Pero, ¿qué es lo que teme este sistema educativo? Teme que el alumnado se revuelva en sus sillas y se produzca una serie de desapariciones en cadena que le supondrían un tremendo desafío. Si la culpa desaparece, el miedo desaparece. Si el miedo desaparece, la culpa desaparece. Si el miedo y la culpa desaparecen, el control desaparece. Si el control desaparece, el poder se transforma.

Hasta hace poco tiempo y desde que tengo vida sexual, he vivido con la sensación de que en mi cama siempre hemos sido, al menos, tres. 

¿Os hablo de tríos, de orgías, de intercambio de parejas? No. Es mucho más sencillo que todo eso. Siempre pensé que en mi cama éramos tres porque en ella estábamos otra persona, yo y un tercero al que nadie había invitado pero que siempre se presentaba: el VIH. Tres para una cama siempre demasiado pequeña.

Últimamente me he dado cuenta de que ese cálculo era inexacto. Es cierto que, desde que tengo vida sexual (de hecho, desde antes de tener vida sexual), siempre hemos sido tres en mi cama, pero no los tres que yo pensaba. He descubierto que en mi cama hemos sido siempre tres: otra persona, yo y no el VIH, sino el miedo al VIH.
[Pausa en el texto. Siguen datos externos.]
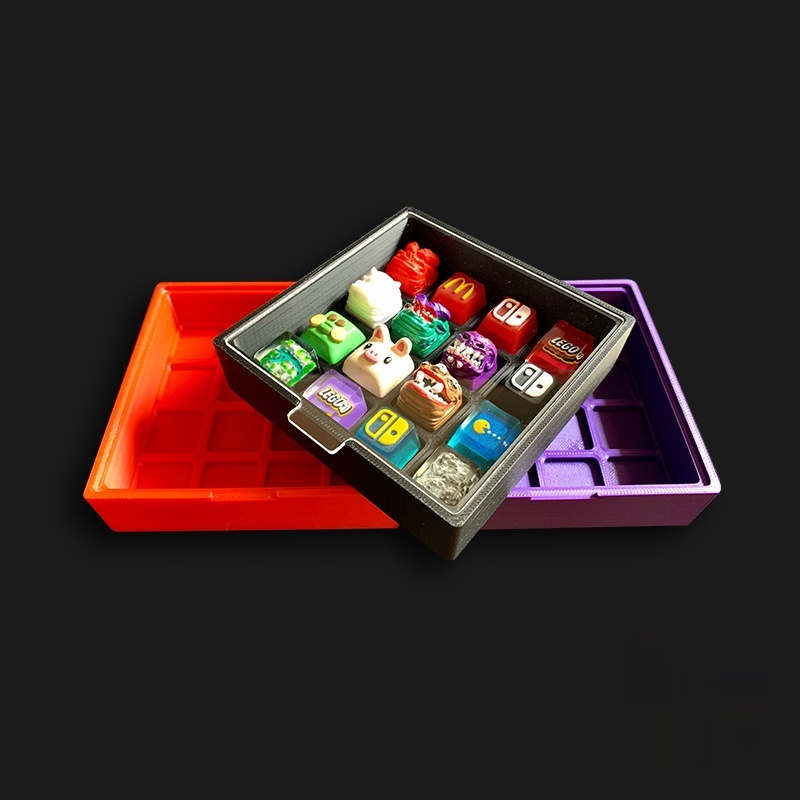 ثلاثية الأبعاد مطبوعة Keycap ص - مراجعة 3D Printing Keycaps وسعره
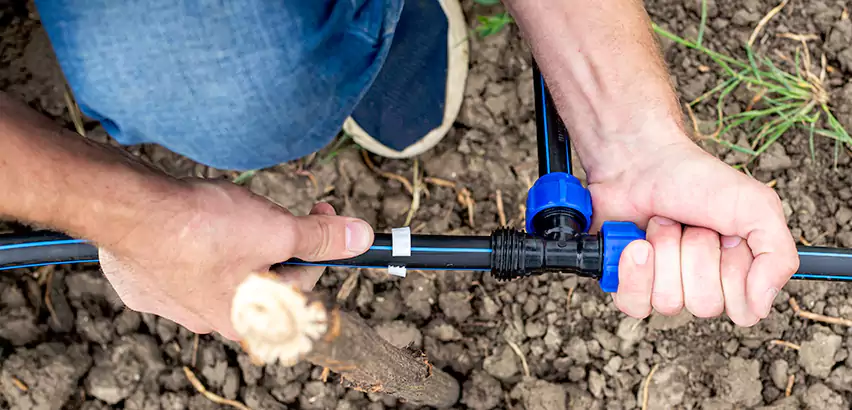 Irrigation Leak Detection in Miami Lakes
Si el VIH ha estado por ahí rondando, paseándose, ejerciendo su realidad como parte de la madre naturaleza es algo que desconozco a ciencia cierta pero que hoy considero muy probable, dadas las estadísticas. Es decir, es muy probable que alguna, varias o muchas de las personas con las que me he acostado fueran seropositivas aunque yo no lo supiera.

La culpa y el miedo

No. No era el VIH en sí mismo el tercer elemento del trío, mi otro compañero inseparable de cama, porque el VIH habrá venido a la fiesta unas veces sí y otras (seguramente la mayoría) no. En realidad era el miedo a contraerlo lo que no salía de la cama ni con agua caliente. Es más, ya estaba en la cama cuando el resto llegábamos a ella.
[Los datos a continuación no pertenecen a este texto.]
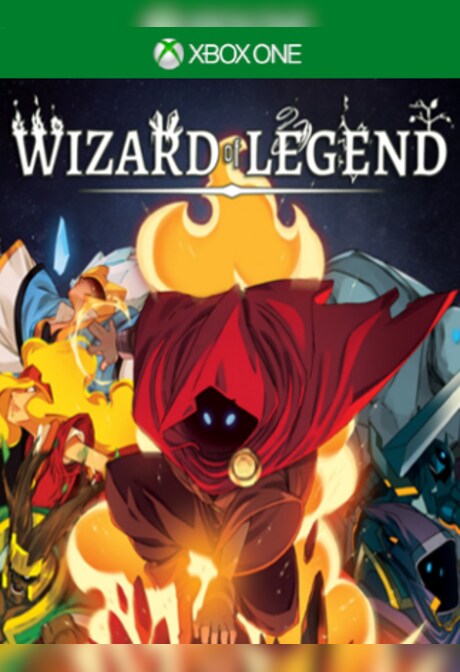 Wizard of Legend (Xbox One) - Xbox Live Key - EUROPE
Como no hay miedo sin su culpa, esta ha estado presente en mayor o menor medida en la educación sexual que he recibido por parte de la sociedad a la que pertenezco: lo que no haya podido enseñarte tu miedo tendrá que grabártelo a fuego tu culpa. 
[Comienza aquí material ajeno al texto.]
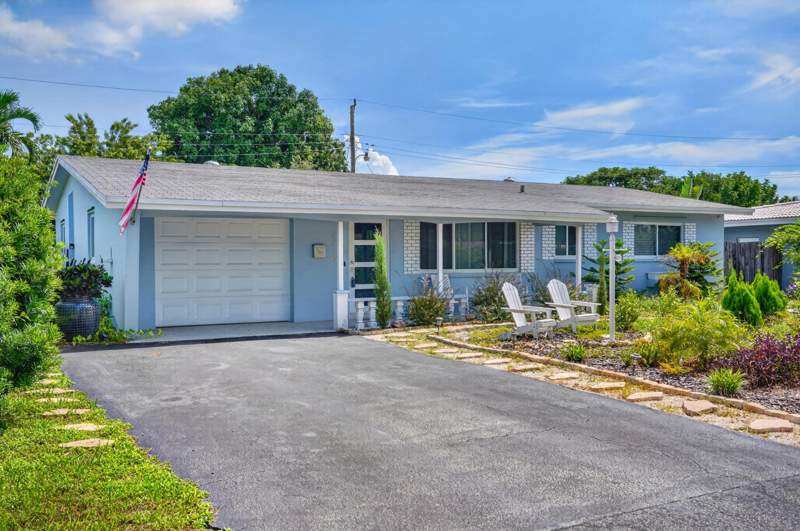 3 bedroom Single Family Residence at 4510 NW 12TH Terrace, TWIN LAKES RESUB OF BLKS 11 12, Fort Lauderdale — photo 1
Es decir, lo que te pase te estará bien merecido por no escuchar al que avisa, que no es traidor, así que mejor no hacer o hacer a medias, mejor prevenir del todo que lamentar. Esta es la maldición que, en bucle, marca la pauta de la actividad sexual de tantos hombres que tienen relaciones sexuales con hombres.

Un bucle que se detiene en seco cuando la infección por VIH se produce y la dinámica entre el miedo y la culpa queda completamente desmadejada, como si en mitad de la clase de educación sexual se produjera un gran cataclismo que suena a cambio en el poder.